Zira biz bir şeye inandık ve o yola da yürüyeceğiz. Geldiğimizde biz yüzde 20 savunma sanayiinde yerli üretimini yapıyorduk. Ama şimdi yüzde 70 yapıyoruz. Bugün terörle mücadelede başarılıysak bunun sebebi bize dost geçinenler. Bir SİHA vermiyordu, bir İHA Vermiyordu. Kongreden geçmesi lazım diyorlardı. Ama şimdi biz İHA'mızı da SİHA'mızı da yapıyoruz. Şimdi onun bir daha ilerisini yapıyoruz 'Akıncı' diye. Onunla birlikte, dünyada belki ilk defa bizde olacak. Şimdi onu başarmaya çalışıyoruz. Demek ki yapılabiliyor ve yapıyoruz. Bunu başardığımız gibi bir de onun mühimmatını artık kendimiz üretiyoruz. Bundan önce kendileriyle konuşuyorduk. Sayın Obama'ya diyordum ki, "mühimmat sıkıntımız var" G20 Antalya Zirvesi, oturduk konuşuyoruz. "Göndereceğiz" dedi. Bize akıllı bomba gelmedi. İşte bu tür komşular bizi akıllı bomba sahibi yaptı, şimdi biz üretiyoruz.

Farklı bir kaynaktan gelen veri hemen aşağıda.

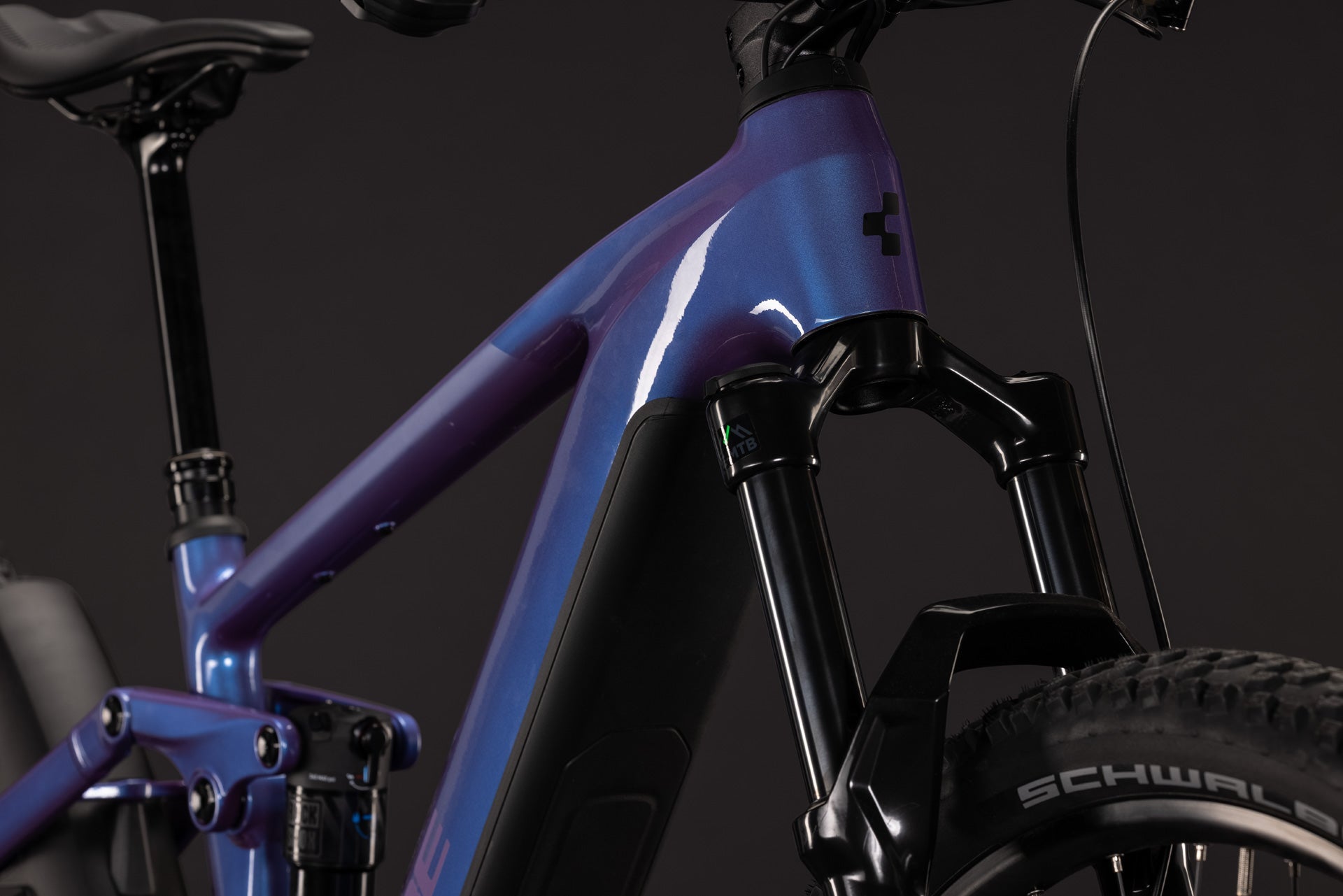 Cube Stereo Hybrid ONE44 Pro 800 blueiris´n´purple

"İLAHİYAT CAMİASINA BÜYÜK GÖREV DÜŞÜYOR"
Aynı şekilde diğerlerini de biz üretir hale geldik. İhracatımız başladı. 2,5 milyar dolar yıllık ihracatımız var. Bütün mesele maya sağlam olduğu müddetçe Allah'ın izniyle bunların hepsinin de üstesinden geleceğimizden şüphe duymuyorum. Bu konuda ilahiyat camiasına büyük görev düşüyor. Her bir ilahiyatçımız bilgisiyle, duruşuyla samimiyetiyle, ahlakıyla, ibadetiyle örnek olmak mecburiyetindedir. Böylece islam yaşayışını toplumun her kesimine yayabiliriz.
Yüce ve pak dinimiz İslamı, terörle, bağnazlıkla, geri kalmışlıkla eşdeğer hale getirme projesini bu şekilde başarısızlığa uğratabiliriz."